The program will aggregate the post's descendants in reverse chronological order and make them available in the template via the [Descendants](https://pkg.go.dev/git.garrido.io/gabriel/mastodon-markdown-archive/client#Post.Descendants) method. This can be used in [templates](#templating) to render threaded posts as a single post, which the [default template does](./files/templates/post.tmpl#L33).
When threading, the `AllMedia` and `AllTags` methods will yield the aggregated [MediaAttachment](https://pkg.go.dev/git.garrido.io/gabriel/mastodon-markdown-archive/client#MediaAttachment) and [Tag](https://pkg.go.dev/git.garrido.io/gabriel/mastodon-markdown-archive/client#Tag), respectively.
When the `--visibility` flag is used, only the top post's visibility is evaluated. This is done explicitly to support the common practice in Mastodon of setting threaded replies as `unlisted`.
### Orphaned posts
Mastodon limits their statuses API to a maximum 40 posts at a time, and the `--limit` flag can be used to limit this further.
Because of this limit, it is possible that posts in a thread end up split across different responses. Or, a user may maintain a long-lived thread of posts that gets updated sporadically and thus rarely will a single batch of posts have all the descendants of the post.
An orphaned post is a post whose parent is not within a batch of posts returned by a single API call.
In either case, the program will fallback to using the [status context](https://docs.joinmastodon.org/methods/statuses/#context) endpoint to rebuild the corresponding thread from the top.
## Templating
The contents of the file and the filename for each post can be customized using templates. This provides enough flexibility to use this tool for various purposes. The templates are evaluated as Go [text templates](https://pkg.go.dev/text/template), so it should be possible to do anything that's normally supported in a Go template.

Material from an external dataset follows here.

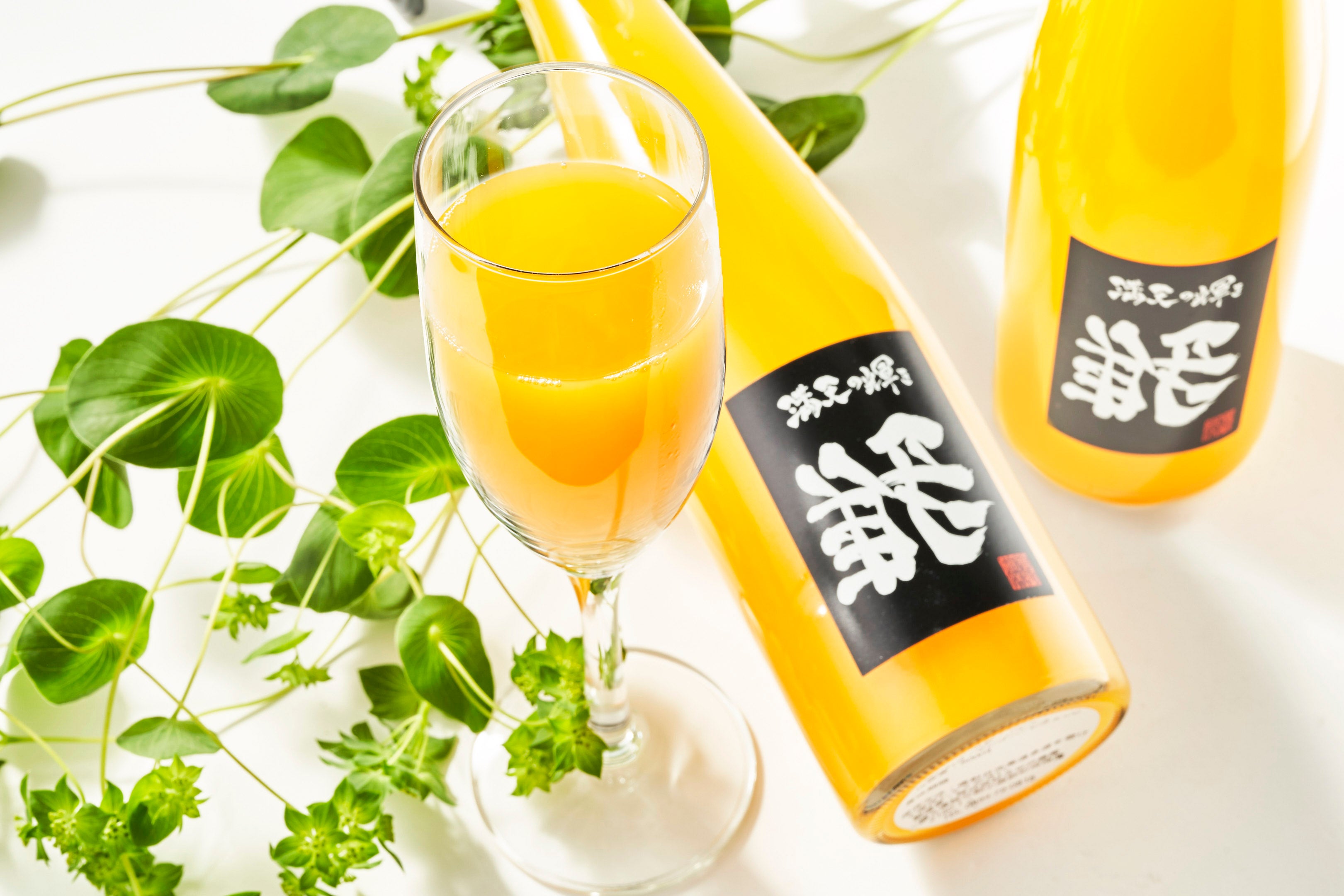 山梨の新特産物「八ヶ岳完熟マンゴー」こだわりの100%マンゴージュース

For example, if you're using this to syndicate posts to a site built using a static site generator, you can customize the output so that it adheres to specific requirements around front matter structure or filename formats.
### Post
Out of the box, this tool uses the [post.tmpl](./files/templates/post.tmpl) template to create the post file. It converts the post content to markdown, threads replies, and defines some attributes in the front matter using YAML.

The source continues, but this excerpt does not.